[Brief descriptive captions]

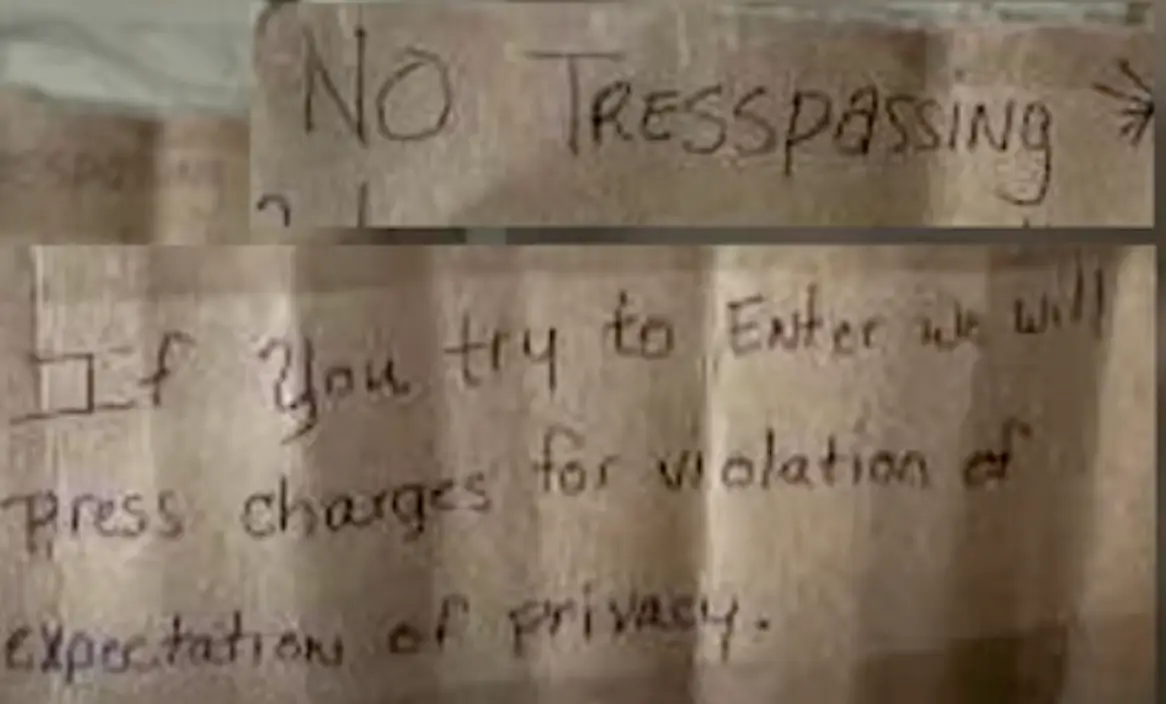 A sign the renters put up on the property. (ABC7 Chicago)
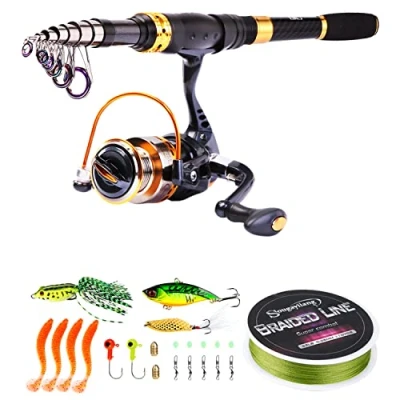 Imagen de Sougayilang Combos de Carrete caña Pescar, Pescar telescópica Fibra Carbono con Giratorio, señuelos línea Pesca, Accesorios Equipo Pesca para Viajes, en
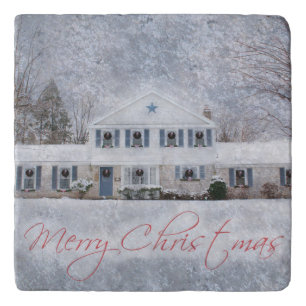 Primitive Winter Snow Country Rustic Open House Trivet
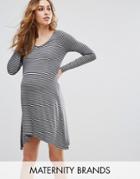 Isabella Oliver Janey Maternity Striped Tunic - Gray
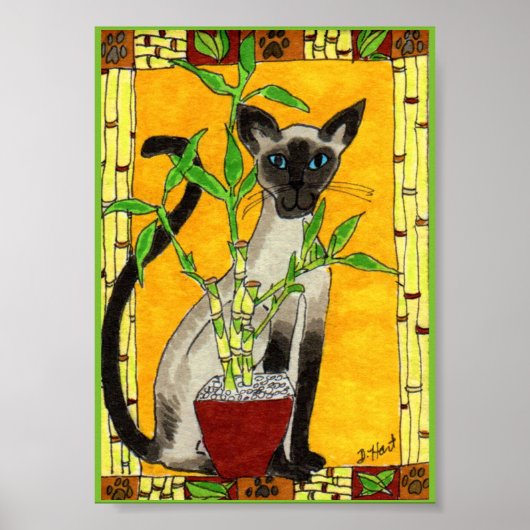Siamese kat met Plant van Bamboo Mini Folk Art Poster (Voorkant)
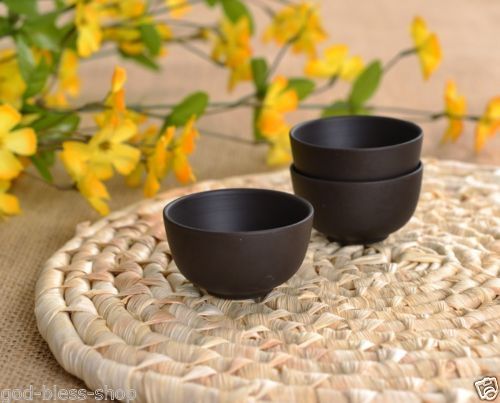 10pcs Chinese Yixing Pure Zisha Stoneware Tea Set Tea Cup Black Marked Teacup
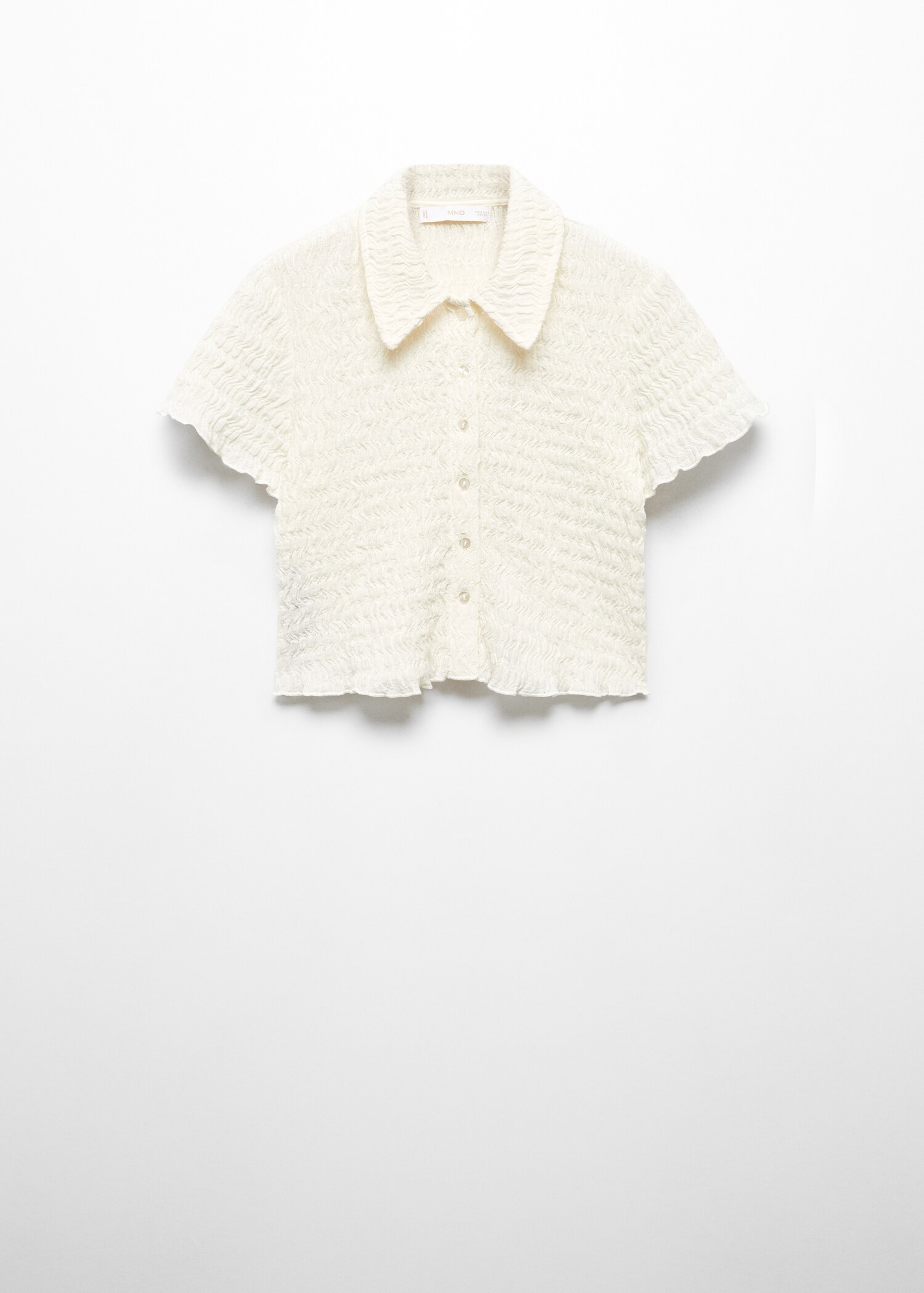 Cropped textured t-shirt - Article without model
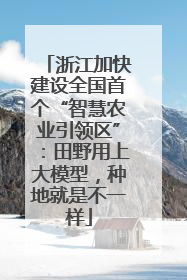 浙江加快建设全国首个“智慧农业引领区”：田野用上大模型，种地就是不一样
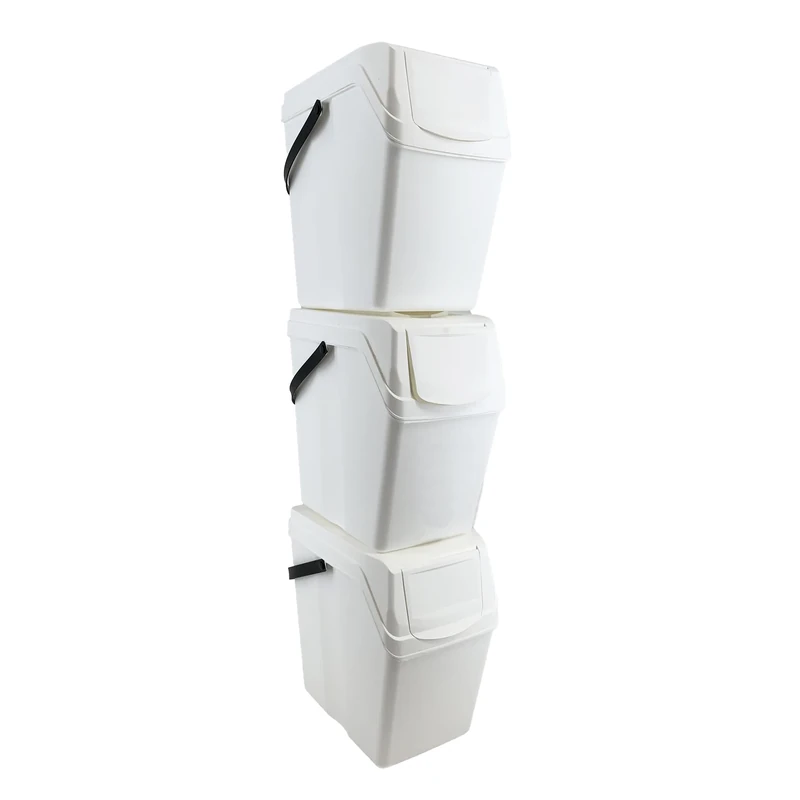 PROSPERPLAST Set of 3 Trash/Recycling Bins with 75-Litre Total Capacity, White with Handles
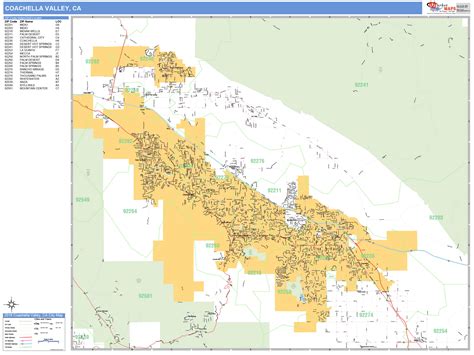 Coachella Valley California Wall Map Basic Style By Marketmaps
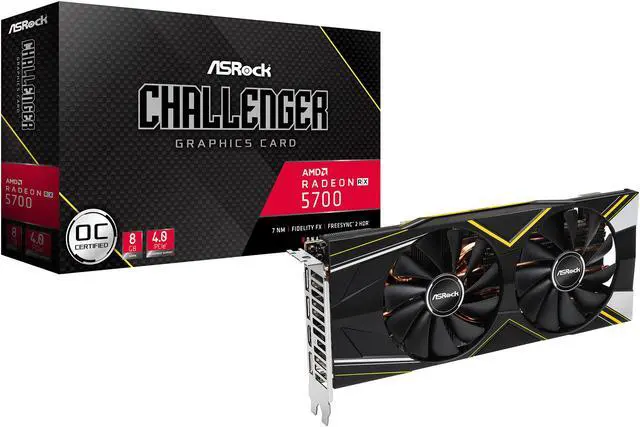 Alt view image 7 of 7 - ASRock Radeon RX 5700 8GB GDDR6 PCI Express 4.0 Graphics Card RX 5700 CHALLENGER D 8G OC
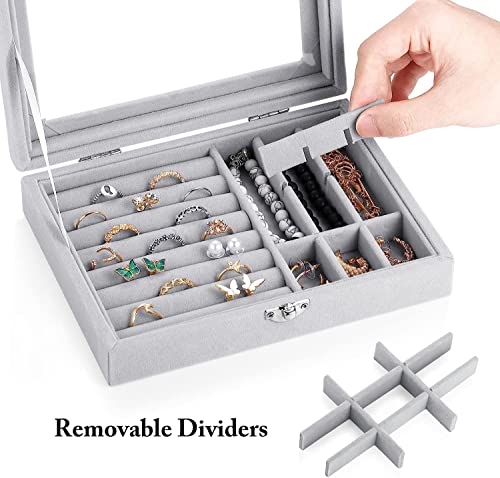 Image of BucketList Women's Velvet Glass Ring Earrings Jewelry Box - Display Storage Showcase Holder Organizer (Small 9 Grid 9 Rows-Grey)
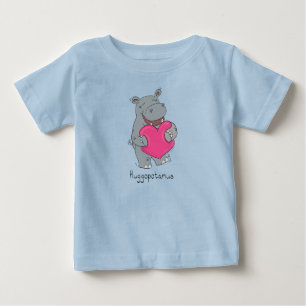 カバはバレンタインデーのベビーのTシャツを抱き締めます ベビーTシャツ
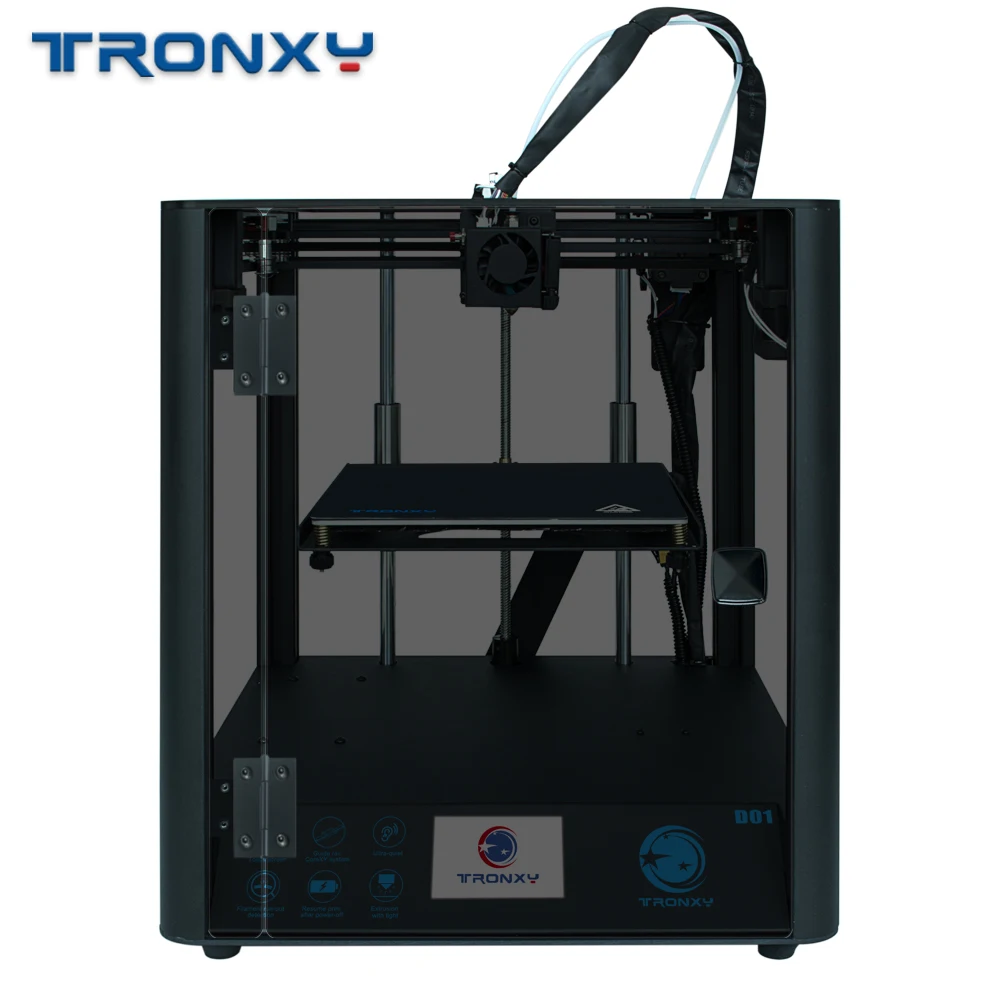 Новейший 3d принтер TRONXY D01 промышленная линейная направляющая Titan экструдер бесшумный дизайн высокоточная печать Акриловая Маска на выбор - Цвет: Add Acrylic Mask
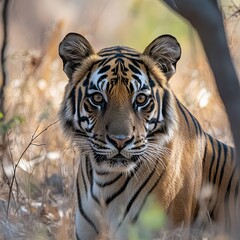 eye level shot of wild female bengal tiger or tigress close up or portrait with eye contact in hot summer season safari at ranthambore national park sawai madhopur rajasthan india - panthera tigris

#### Goal of the exercise:
When you transcribe the entries above, begin at their first line, end with the line containing "Imagen de Sougayilang", and copy each line exactly without any picture.

#### Solution to this problem:
 A sign the renters put up on the property. (ABC7 Chicago)
 Imagen de Sougayilang Combos de Carrete caña Pescar, Pescar telescópica Fibra Carbono con Giratorio, señuelos línea Pesca, Accesorios Equipo Pesca para Viajes, en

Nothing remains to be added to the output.